Design Philosophy

One of the core goals of fairseq2 is to make it possible for researchers to explore new ideas and implement novel features without having to fork fairseq2. Instead of having a monolithic repository that can only be modified by copy-pasting large chunks of code, in fairseq2, all major APIs follow the interface/implementation convention along with the dependency inversion principle. This means, each API has an interface (i.e. an abstract ABC class) that defines the contract of that API, and one or more concrete implementations of that interface. Different implementations can be integrated with the rest of fairseq2 via its lightweight dependency injection API.

Interface/Implementation Convention

The diagram below shows the position encoder API as an example. The API is defined by the abstract PositionEncoder PyTorch module. SinusoidalPositionEncoder, LearnedPositionEncoder, and RotaryEncoder implement PositionEncoder for their respective algorithms. Technically, any of these position encoders can be used wherever a PositionEncoder is expected (see Dependency Inversion below).

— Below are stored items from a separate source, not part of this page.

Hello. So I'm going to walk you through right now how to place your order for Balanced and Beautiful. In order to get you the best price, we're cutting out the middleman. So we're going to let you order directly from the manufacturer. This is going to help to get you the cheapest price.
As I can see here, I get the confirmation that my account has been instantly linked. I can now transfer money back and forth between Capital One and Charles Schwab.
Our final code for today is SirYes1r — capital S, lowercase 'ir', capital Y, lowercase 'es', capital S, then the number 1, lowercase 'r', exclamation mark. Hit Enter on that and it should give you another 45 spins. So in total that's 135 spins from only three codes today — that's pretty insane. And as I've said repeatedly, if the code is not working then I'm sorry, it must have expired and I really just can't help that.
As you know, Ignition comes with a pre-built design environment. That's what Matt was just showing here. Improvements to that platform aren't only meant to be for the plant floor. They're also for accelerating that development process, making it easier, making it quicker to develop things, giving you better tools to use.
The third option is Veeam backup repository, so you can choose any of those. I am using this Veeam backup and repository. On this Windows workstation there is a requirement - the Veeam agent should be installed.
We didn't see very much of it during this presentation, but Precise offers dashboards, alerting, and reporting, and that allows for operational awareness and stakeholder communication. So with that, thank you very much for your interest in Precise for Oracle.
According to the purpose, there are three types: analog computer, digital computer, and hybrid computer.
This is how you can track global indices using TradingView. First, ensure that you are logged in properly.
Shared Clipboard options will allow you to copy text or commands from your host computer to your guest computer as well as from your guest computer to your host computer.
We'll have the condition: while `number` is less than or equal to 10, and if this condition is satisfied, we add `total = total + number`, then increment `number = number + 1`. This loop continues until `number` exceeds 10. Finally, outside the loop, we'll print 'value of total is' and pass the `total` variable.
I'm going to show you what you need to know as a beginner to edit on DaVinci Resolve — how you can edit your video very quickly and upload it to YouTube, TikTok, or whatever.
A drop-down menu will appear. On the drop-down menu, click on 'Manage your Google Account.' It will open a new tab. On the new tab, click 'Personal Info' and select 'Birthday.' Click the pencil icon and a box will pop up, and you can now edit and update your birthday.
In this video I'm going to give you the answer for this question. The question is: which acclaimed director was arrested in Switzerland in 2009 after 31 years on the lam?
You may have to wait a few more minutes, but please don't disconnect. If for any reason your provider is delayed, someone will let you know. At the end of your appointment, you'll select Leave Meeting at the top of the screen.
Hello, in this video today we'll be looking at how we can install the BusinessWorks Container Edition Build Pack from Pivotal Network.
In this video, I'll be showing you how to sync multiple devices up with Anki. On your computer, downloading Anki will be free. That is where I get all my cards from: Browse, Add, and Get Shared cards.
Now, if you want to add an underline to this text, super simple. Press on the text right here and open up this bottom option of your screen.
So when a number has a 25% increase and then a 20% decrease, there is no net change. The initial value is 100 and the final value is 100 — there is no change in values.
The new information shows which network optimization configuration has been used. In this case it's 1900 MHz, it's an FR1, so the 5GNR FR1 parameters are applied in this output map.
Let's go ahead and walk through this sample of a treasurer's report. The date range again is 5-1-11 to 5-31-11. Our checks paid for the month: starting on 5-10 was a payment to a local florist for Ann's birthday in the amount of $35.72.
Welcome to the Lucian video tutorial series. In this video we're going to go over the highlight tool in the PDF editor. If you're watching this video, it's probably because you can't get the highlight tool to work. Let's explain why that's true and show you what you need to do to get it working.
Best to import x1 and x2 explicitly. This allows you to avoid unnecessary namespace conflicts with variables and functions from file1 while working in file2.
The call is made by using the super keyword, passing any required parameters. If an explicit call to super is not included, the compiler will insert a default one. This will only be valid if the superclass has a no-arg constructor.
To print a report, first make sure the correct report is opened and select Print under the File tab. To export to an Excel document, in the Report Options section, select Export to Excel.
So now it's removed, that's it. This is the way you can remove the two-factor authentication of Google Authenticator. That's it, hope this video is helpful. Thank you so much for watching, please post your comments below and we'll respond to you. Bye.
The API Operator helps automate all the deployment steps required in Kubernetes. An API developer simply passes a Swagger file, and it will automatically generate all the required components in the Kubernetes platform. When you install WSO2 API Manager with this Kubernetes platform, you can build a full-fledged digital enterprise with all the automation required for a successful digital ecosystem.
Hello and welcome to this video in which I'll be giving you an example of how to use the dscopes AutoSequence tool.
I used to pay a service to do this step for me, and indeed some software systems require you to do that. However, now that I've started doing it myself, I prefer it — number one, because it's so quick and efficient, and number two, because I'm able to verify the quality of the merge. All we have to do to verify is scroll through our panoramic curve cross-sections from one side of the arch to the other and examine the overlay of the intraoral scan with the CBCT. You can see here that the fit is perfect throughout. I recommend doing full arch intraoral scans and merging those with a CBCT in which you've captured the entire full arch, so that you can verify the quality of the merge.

Position Encoder Hierarchy

When several implementations of an API share common logic, a typical pattern is to have an intermediate abstract class, prefixed with Abstract, between the interface and the concrete implementations. For example, the text tokenizer API has AbstractTextTokenizer that holds the common logic for SentencePieceTokenizer and TiktokenTokenizer.

Text Tokenizer Hierarchy

Dependency Inversion

The dependency inversion principle is critical to have a clean, well-tested, and extensible API. The example below shows the (abbreviated) __init__() method of the StandardTransformerDecoderLayer:

class StandardTransformerDecoderLayer(TransformerDecoderLayer):
    def __init__(
        self,
        self_attn: MultiheadAttention,
        encoder_decoder_attn: MultiheadAttention | None,
        ffn: FeedForwardNetwork
    ) -> None:
        ...

Instead of constructing the multihead attention and feed-forward network layers within its __init__() method, StandardTransformerDecoderLayer expects the caller to provide instances of MultiheadAttention and FeedForwardNetwork interfaces. This loose-coupling between an instance and its dependencies enables composing diverse object graphs, such as different model architectures, with minimal redundancy (i.e. code duplication).